Ragheb and Miller said that, while they also agree with Harvard, they believe that the UC should not take a formal position on the matter.

“Samyra and I believe that Harvard is in the right here,” Ragheb said. “But again, the UC isn’t supposed to be the voice of two people, it’s supposed to be the voice of an entire student body.”

Current UC President and Vice President Catherine L. Zhang ’19 and Nicholas D. Boucher ’19 have previously stated that the UC should not take a formal position on the admissions lawsuit.

Huesa said that, while she understands the rationale behind Zhang and Boucher’s position, she believes that it is important to support “communities of color [who] are under attack.”

“These are elected representatives who have political ideologies. And the fact that they all have a majority vote on something, that must mean they represent the majority opinion,” Huesa said.

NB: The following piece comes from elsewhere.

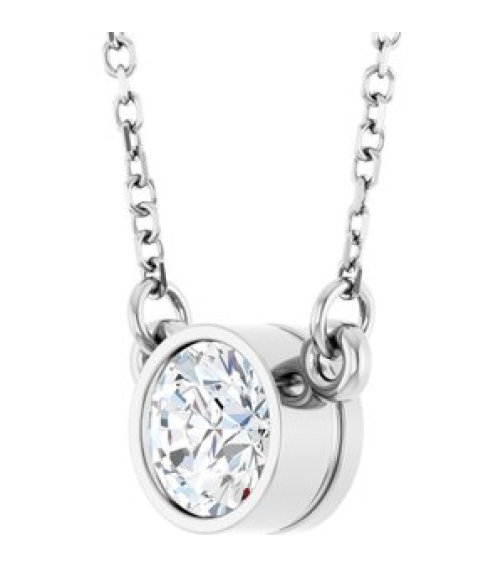 61134 Necklace Set 14K White Round Natural Diamond 5.2Mm 12 Ct I1, G-H 18 In Polished 12 Ct Natural Diamond Solitaire Necklace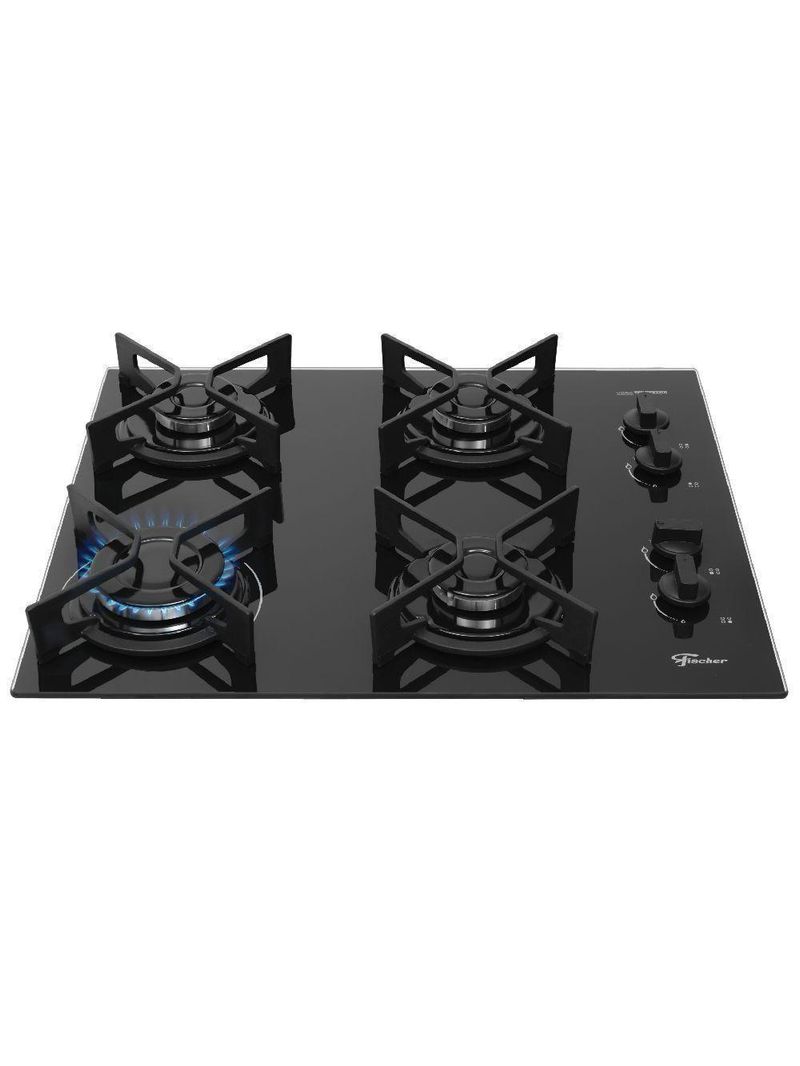 Cooktop A Gás Fischer 4 Bocas Fit Line Trempe Iron Preto Bivolt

Anticipated changes to shopping week also marked a key point of discussion. Faculty and administrators are currently weighing a proposal that would end the week-long period at the beginning of the semester during which students can freely walk in and out of classes before finalizing their enrollment.

While all three tickets indicated support for preserving shopping week, their approaches to addressing the issue varied.

For Palaniappan and Huesa, a “four-prong strategy” is the answer.

“We are targeting the alumni network, we are talking to the grad student union, we are talking to the faculty, and we are also mobilizing other students in order to address this issue,” Palaniappan said.

Agrawal spoke about his role distributing the student survey on shopping week and promoting a discussion in Leverett House between students and administrators.

Khoury cited actions she took to support shopping week while serving as UC treasurer.

“I increased the Education Committee funding by 150 percent so that they have those resources to lobby for [shopping week]," Khoury said.

Though Ragheb said he thinks the conversations surrounding shopping week are a good start, he said he would like to see more opportunities for the general student body to express their opinions.

“The UC should’ve given students on this campus a bigger role in doing this, more than just the listening conversations that we had,” he said.

All three tickets later said they favor the College’s sanctions on members of unrecognized single-gender social organizations, though they raised concerns over what they called the disproportionate impact the policy has had on female groups and female empowerment on campus. Since the penalties' debut over two years ago, every single one of Harvard's all-female social group has promised to accept individuals of all genders. By contrast, several all-male groups have vowed to fight the penalties to the bitter end.

Other topics discussed Saturday included a proposal floated by Ragheb and Miller to bring back hot breakfast in the upperclassman houses; a proposal by Khoury and Agrawal to change Pusey Library into a social space for first year students; and a proposal by Palaniappan and Huesa to offer social inclusion grants for undergraduate parties and social events.

Voting for the 2018 UC election begins Nov. 12 at 12 p.m. and closes Nov. 15 at 12 p.m. Results will be announced at 10 p.m. on Nov. 15.